In recent years, hospitals reacted to changes in demand caused by the Affordable Care Act Medicaid expansions. We conducted a difference-in-differences analysis that compared changes to hospital demand and supply in Medicaid expansion and nonexpansion states. We used 2010–2016 data from the American Hospital Association and the Healthcare Cost Report Information System to quantify changes to hospital utilization and characterize how hospitals adjusted labor and capital inputs. During the period studied, the Medicaid expansion was associated with increases in emergency department visits and other outpatient hospital visits. We find strong evidence that hospitals met increases in demand by hiring nursing staff and weaker evidence that they increased hiring of technicians and investments in equipment. We found no evidence that hospitals adjusted hiring of physicians, support staff, or investments in other capital inputs.
Provider Compliance With Kentucky’s Prescription Drug Monitoring Program’s Mandate To Query Patient Opioid History, (2021) Health Affairs, coauthored with Colleen Carey and Thomas Buchmueller.
Forty states mandate that providers query their patients’ prescription histories in the state’s prescription drug monitoring program (PDMP) before prescribing controlled substances. However, little is known about providers’ use of PDMPs, either with or without a mandate. We measured the share of opioid prescriptions with PDMP queries in Kentucky from 2010 to 2018, before and after the implementation of the first comprehensive PDMP mandate in the US. Providers queried the PDMP for 12 percent of opioid prescriptions before the mandate; after the mandate, they queried for 56 percent of prescriptions. The share of prescriptions queried was lowest for patients without recent opioid use (3 percent before the mandate, 25 percent after) and highest for pain management specialists (31 percent before, 72 percent after). Over time, high-compliance providers reduced prescribing to the riskiest patients, whereas low-compliance providers continued to prescribe to them. Although the share of prescriptions queried greatly increased after the mandate, compliance remained incomplete, including for patients with high-risk patterns of opioid use.

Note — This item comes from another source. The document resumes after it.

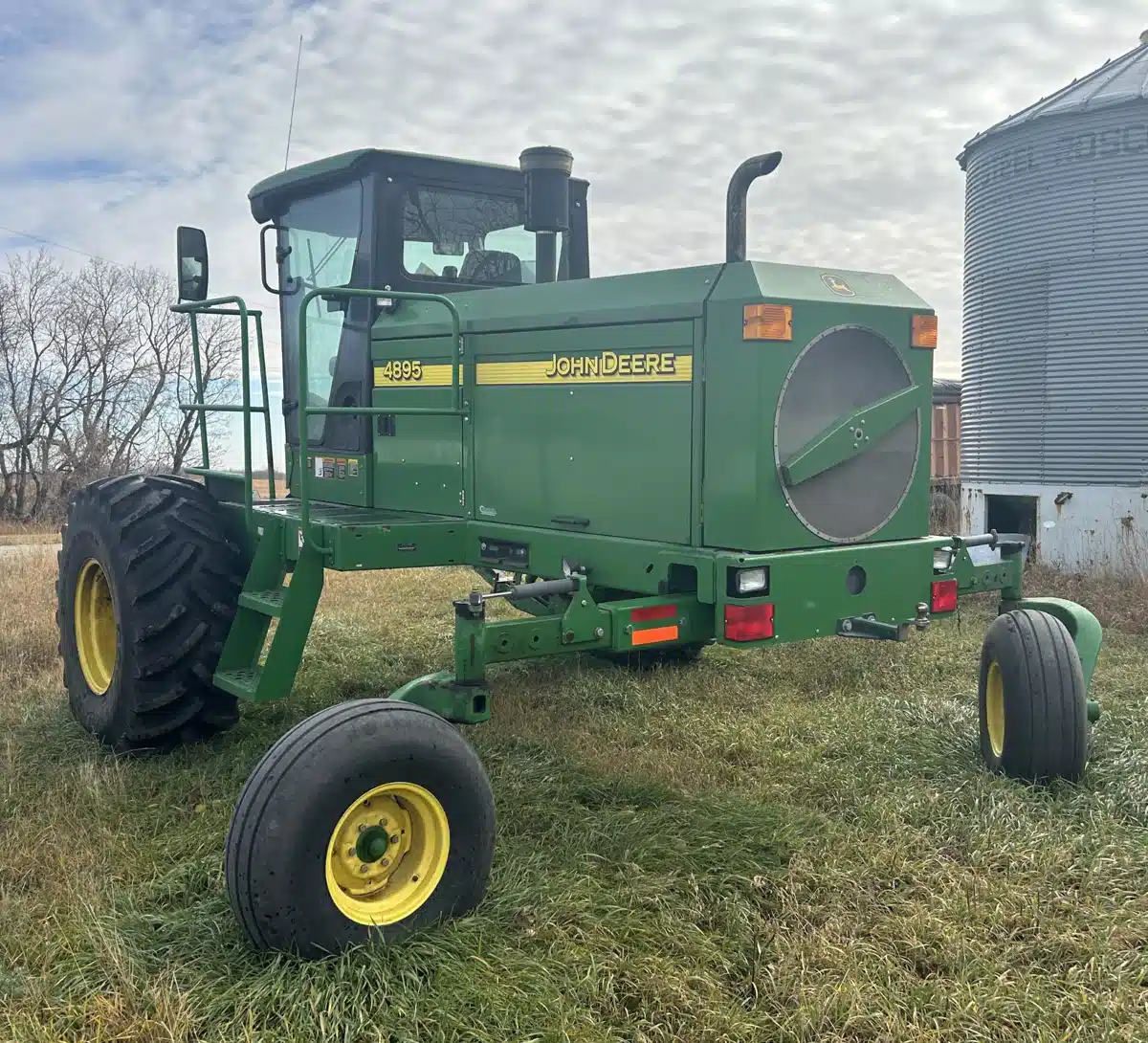 Gallery image 2 for Used 2008 John Deere 4895 Windrower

How Well Do Doctors Know Their Patients? Evidence from a Mandatory Access Prescription Drug Monitoring Program, (2020) Health Economics, coauthored with Thomas Buchmueller and Colleen Carey.

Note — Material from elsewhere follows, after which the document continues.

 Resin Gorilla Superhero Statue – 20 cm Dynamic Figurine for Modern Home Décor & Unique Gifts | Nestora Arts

Many opioid control policies target the prescribing behavior of health care providers. In this paper, we study the first comprehensive state‐level policy requiring providers to access patients' opioid history before making prescribing decisions. We compare prescribers in Kentucky, which implemented this policy in 2012, to those in a control state, Indiana. Our main difference‐in‐differences analysis uses the universe of prescriptions filled in the two states to assess how the information provided affected prescribing behavior. We find that a significant share of low‐volume providers stopped prescribing opioids altogether after the policy was implemented, though this change accounted for a small share of the reduction in total volume. The most important margin of response was to prescribe opioids to fewer patients. Although providers disproportionately discontinued treating patients whose opioid histories showed the use of multiple providers, there were also economically meaningful reductions for patients without multiple providers and single‐use acute patients.